An inquiry into the future of local government by the former chief executive of Birmingham City Council proposes smaller council tax bills for the least well off and additional rates for the business community.

Sir Michael Lyons, in a report for HM Treasury, said people in homes worth more than #2.5 million should pay more council tax. He also proposed reforming the benefits system to make sure that pensioners and low-income householders claim almost #2 billion in council tax rebate that they are entitled to.

Local authorities should be given more flexibility by central Government about how they spend their budgets and should also be allowed to impose additional charges for collecting and disposing of waste, Sir Michael recommended.

And he recommended the Government should consider permitting councils to levy an accommodation tax on tourists. Sir Michael's proposals for a supplementary business rate, which could be levied by local authorities after extensive consultation with local firms and companies, received a lukewarm reception from the Birmingham Chamber of Commerce and Industry.

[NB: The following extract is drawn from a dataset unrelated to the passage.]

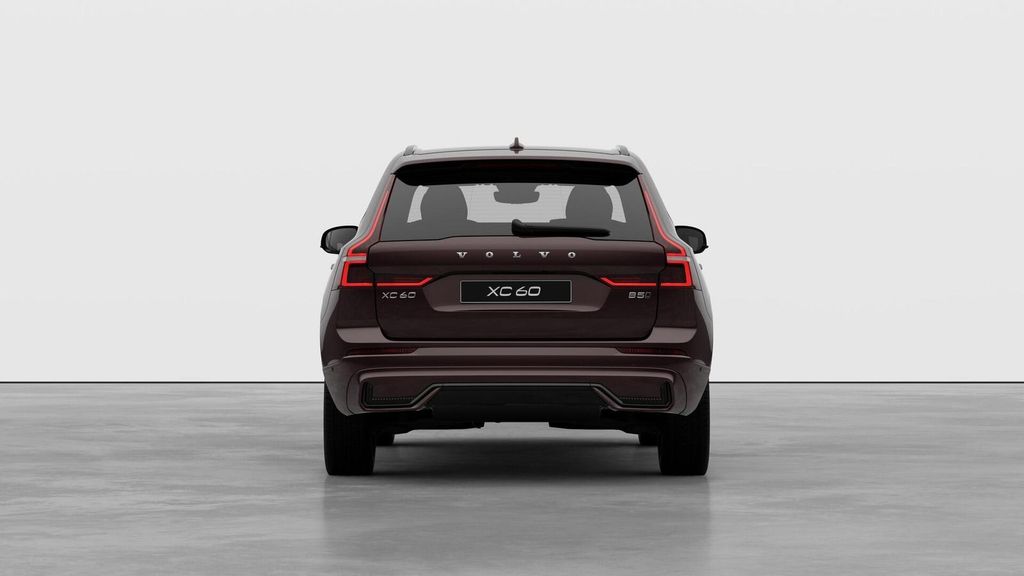 Volvo XC60 2025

Chamber chief executive Jerry Blackett said businesses would be concerned about the impact a supplementary rate would have on profits.

He called for "full and frank" consultation over Sir Michael's suggestion.

Mr Blackett said he was worried that businesses would end up being taxed too heavily and would have little control over the way a supplementary business rate was raised and spent.

However, Sir Michael said a 4p in the pound supplementary rate would raise enough cash to fund a 10-year loan worth about #3.4 billion. The money could be used to pay for economic development, which in turn would benefit the business community.

Sir Michael Lyons raises the prospect of a new golden age for local government in his long-awaited report, argues Public Affairs Editor Paul Dale:

The Lyons Report, which took its author two-and-a-half years to complete, has inevitably been presented over many months as essentially an inquiry into the future funding of local government.

Speculation about what the final document might or might not say centred on the future of council tax, the possibility of property revaluation and, at the more extreme end of commentary, the spectre of faceless bureaucrats hiring helicopters to spot patio and conservatory extensions in order to extract more money from well-off householders.

Sir Michael Lyons' report is actually only partly about finance. It is not surprising that he recommends sticking with a slightly reformed council tax, since most alternative methods of raising money have their own flaws and have in any case been rejected in the past by both Labour and Conservative governments.

The real meat of the report is the message it sends out about the need for radical reform of the relationship between central and local government. This is the devolution agenda, or as Sir Michael puts it, the opportunity to empower communities if local authorities can show themselves to be champions of value for money.

Sir Michael, who as a former chief executive of Birmingham City Council has vast experience at the sharp end of service delivery, calls on the Government to allow local authorities more local flexibility and choice.

He demands a "real shift" in the balance of influence between central and local government, although he concedes that this will not be easy to achieve.

"The history of the past 30 years is marked by a series of well-intentioned devolution initiatives, which have often evolved into subtle instruments of control. But it is an effort worth making," he comments.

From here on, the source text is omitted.